> Problem description
Wherever pictures appear in the listing below, leave them out, and copy exactly, and only, everything from the line with "Neo Direct Large" down to the line with "CATL 280Ah LiFePO4".

> Data for the task
···

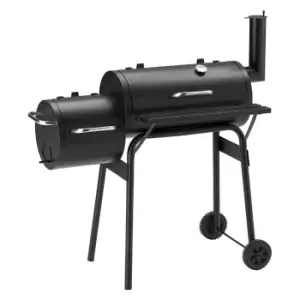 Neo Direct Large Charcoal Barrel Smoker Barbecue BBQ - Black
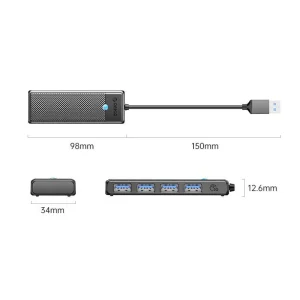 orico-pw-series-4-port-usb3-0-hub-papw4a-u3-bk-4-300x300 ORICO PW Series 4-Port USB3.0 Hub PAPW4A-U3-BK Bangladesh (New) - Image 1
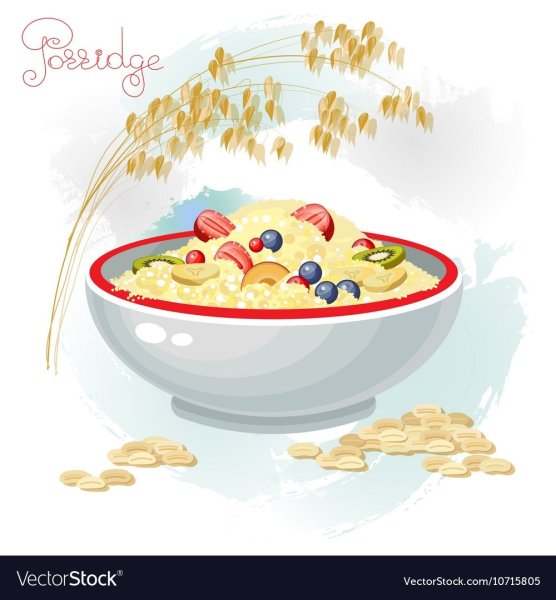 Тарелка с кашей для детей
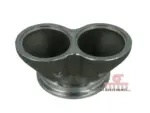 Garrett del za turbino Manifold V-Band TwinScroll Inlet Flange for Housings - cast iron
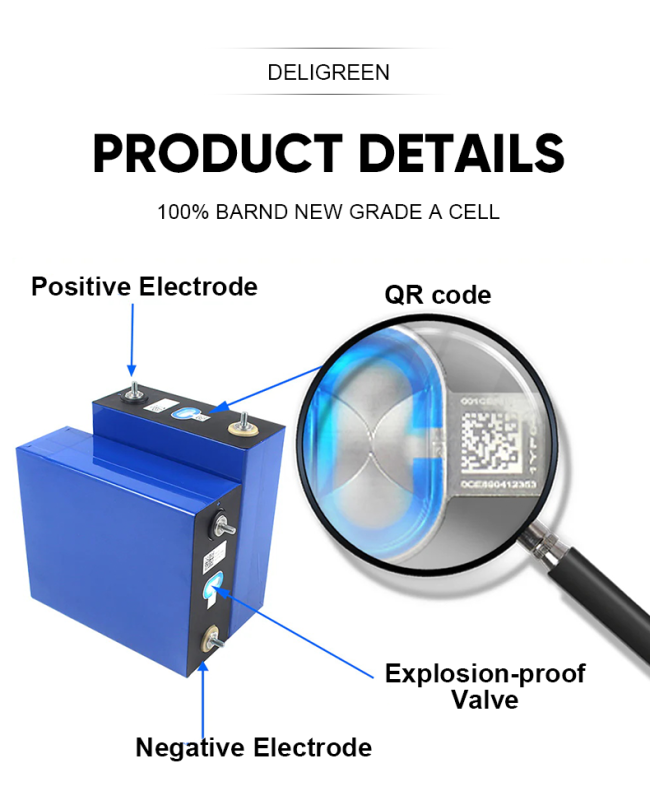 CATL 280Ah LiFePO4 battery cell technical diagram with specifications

···

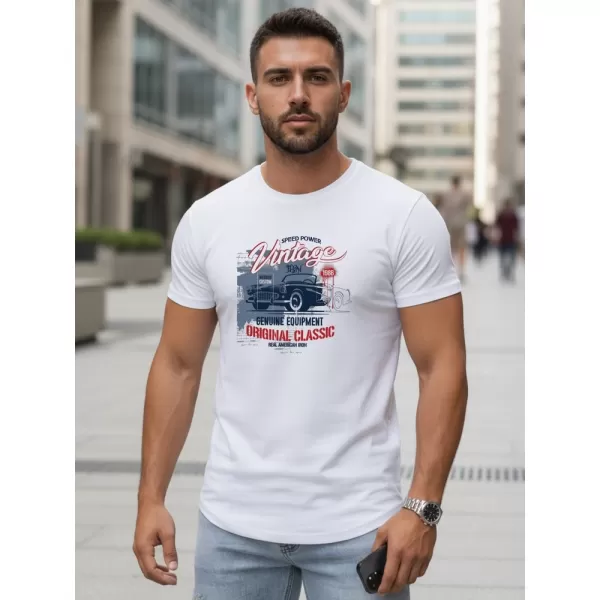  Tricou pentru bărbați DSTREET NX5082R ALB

···

> Output for this exercise
 Neo Direct Large Charcoal Barrel Smoker Barbecue BBQ - Black
 orico-pw-series-4-port-usb3-0-hub-papw4a-u3-bk-4-300x300 ORICO PW Series 4-Port USB3.0 Hub PAPW4A-U3-BK Bangladesh (New) - Image 1
 Тарелка с кашей для детей
 Garrett del za turbino Manifold V-Band TwinScroll Inlet Flange for Housings - cast iron
 CATL 280Ah LiFePO4 battery cell technical diagram with specifications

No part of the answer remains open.